Site Reliability Engineer (SRE)
Sept 2021 - Oct 2022 (1yr 1mo) Bytedance - Global E-commerce TikTok - Singapore
Joined the newly formed SRE team supporting the Global E-commerce function of TikTok.
- Implemented a Kubernetes sidecar measuring the availability SLI of more than 200 HTTP services.
- Analysed SLI based alerts and pushed for adoption of error budget burn rate approach.
- Designed and implemented the MVP version of an incident record tool aiming to reduce the manual bookkeeping activities during oncall cases and build a knowledge base based on them.
Principal Integration Engineer | Site Reliability Engineer
Aug 2020 - Sep 2021 (1 yr 2 mos) OpenBet - Singapore
- Defined the initial process for an SRE rota across two teams located in multiple locations.
- Updated existing Grafana dashboards and created new ones to visualise our production problems across the stack (haproxy, applications, database).
Principal Software Engineer.
Sep 2018 - Jul 2020 (1 yr 11 mos) OpenBet - Singapore
- Led a team of 3 engineers with the goal to harden the funding flow ensuring eWallet integrity resulting in a drop of 1 incident per week to 1 per year.
- Enhanced the performance of slow database queries bring the number of production incidents due to human design error down to zero (0).
- Investigated more than 20 high profile production issues and presented 4 sensitive incidents to C level stakeholders.
- Migrated 80 million lottery bets to renewed, more robust data model.
Senior Software Engineer
Oct 2015 - Aug 2018 (2 yrs 11 mos) OpenBet - Singapore
- Coordinated development of cross functional features amongst teams of different locations with a goal to rollout our solution to a new tier 1 customer.
- Owned the data migration into the new platform including 100 million rows of transaction history and user activity and completed in under 3 hours.
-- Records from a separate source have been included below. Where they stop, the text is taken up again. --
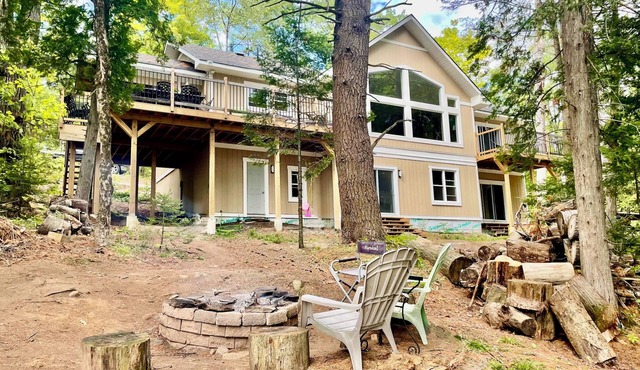Newly Built, Private, Lakefront Muskoka Cottage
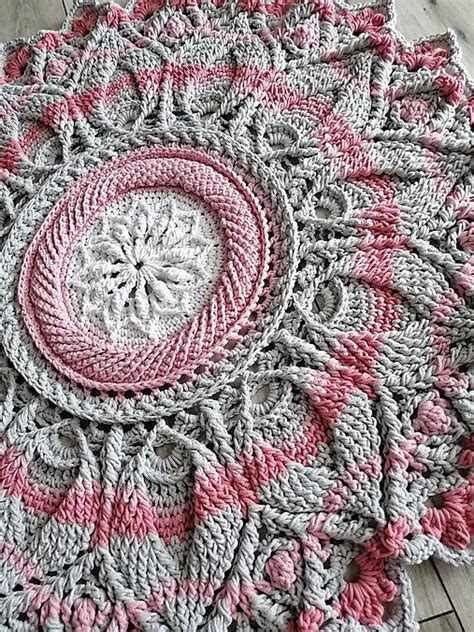 farebný háčkovaný vankúš mandala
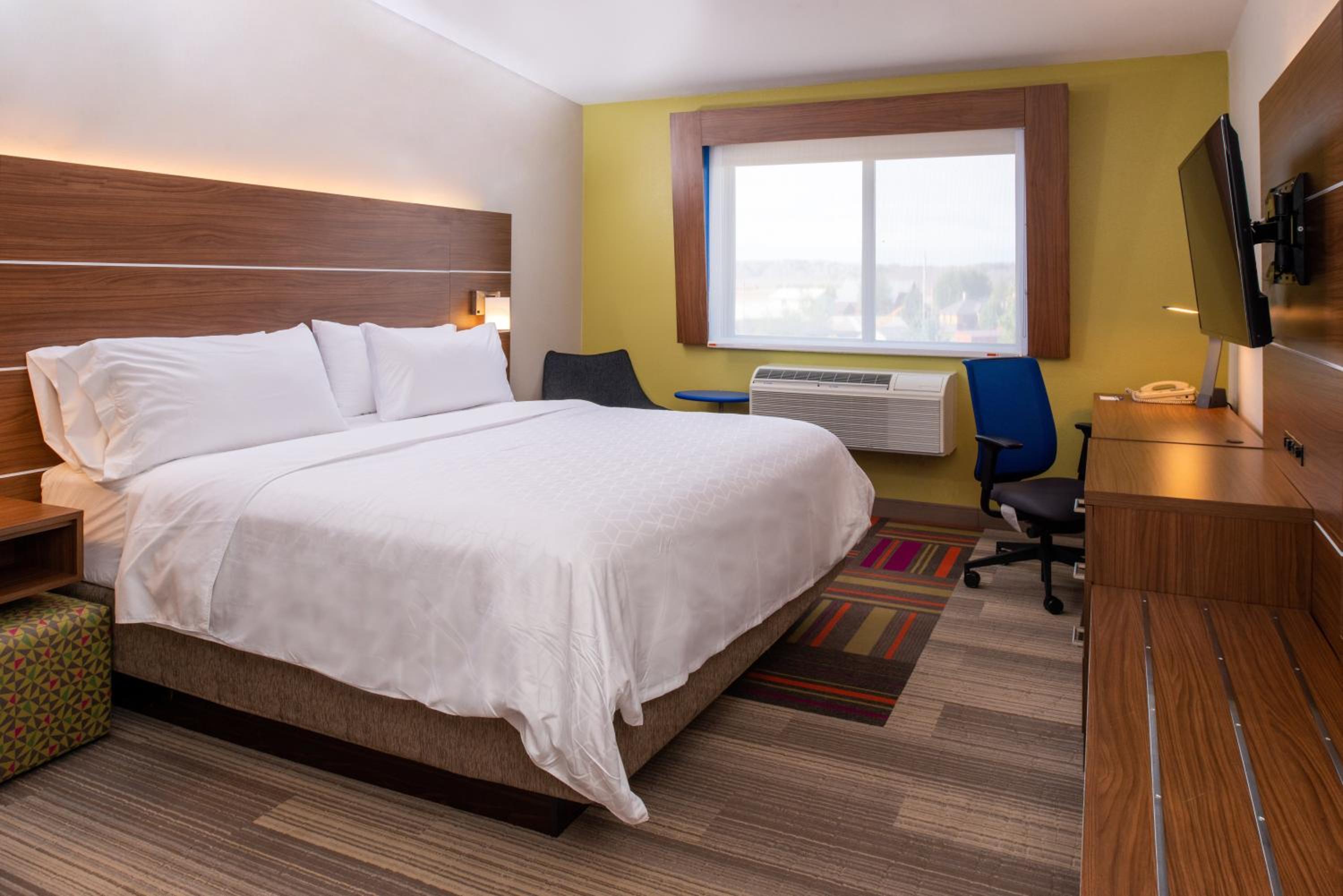 Standard King Room - Photo 1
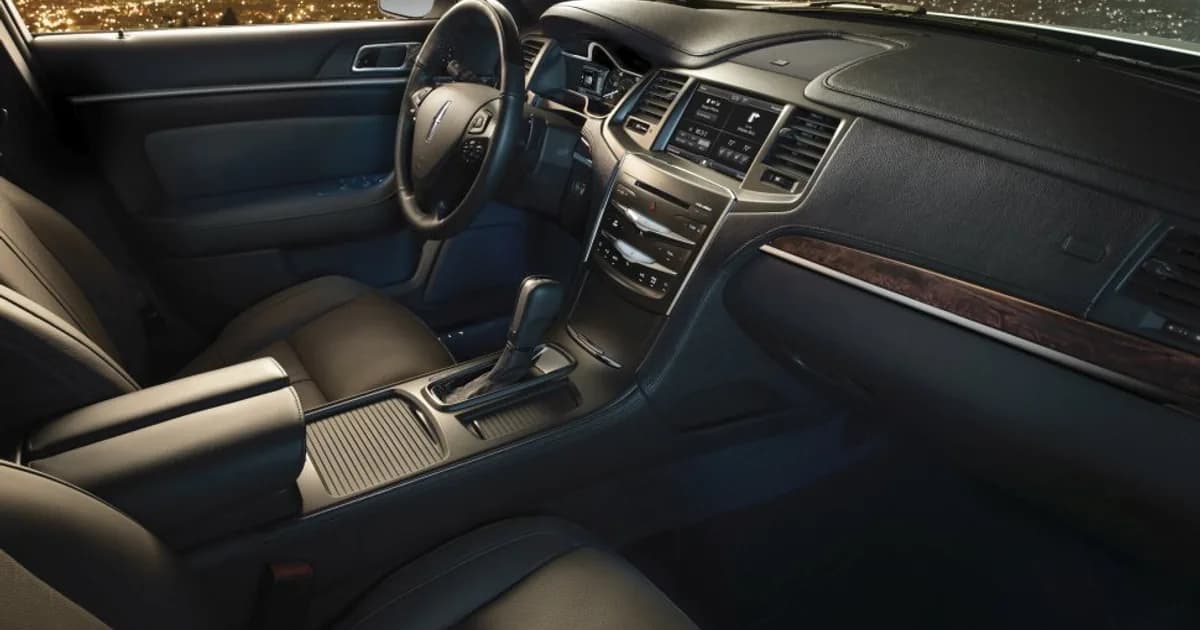 Lincoln MKS I (Restylage 2013) (2012–2016)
- Designed distributed queries for Informix database materialising the reporting needs of the Finance and Trading departments.
- Influenced the release process from code to production increasing the delivery capacity of the team.
- Rewrote the ansible deployment scripts reducing to zero the release introduced incidents.
Software Engineer
Nov 2012 - Sep 2015 (2 yrs 11 mos) Rizariou 10, Chalandri, Greece
- Wrote and performed the extraction of one billion rows during uptime and no impact to operations.
- Integrated with Paypal & Safecharge payment providers tokenizing credit card information removing the need for PCI compliance.
EDUCATION
I have not completed tertiary education.
Attended Electrical Engineering and Computer Science, University of Patras, Greece during the period of Sep 2003 - Jul 2009.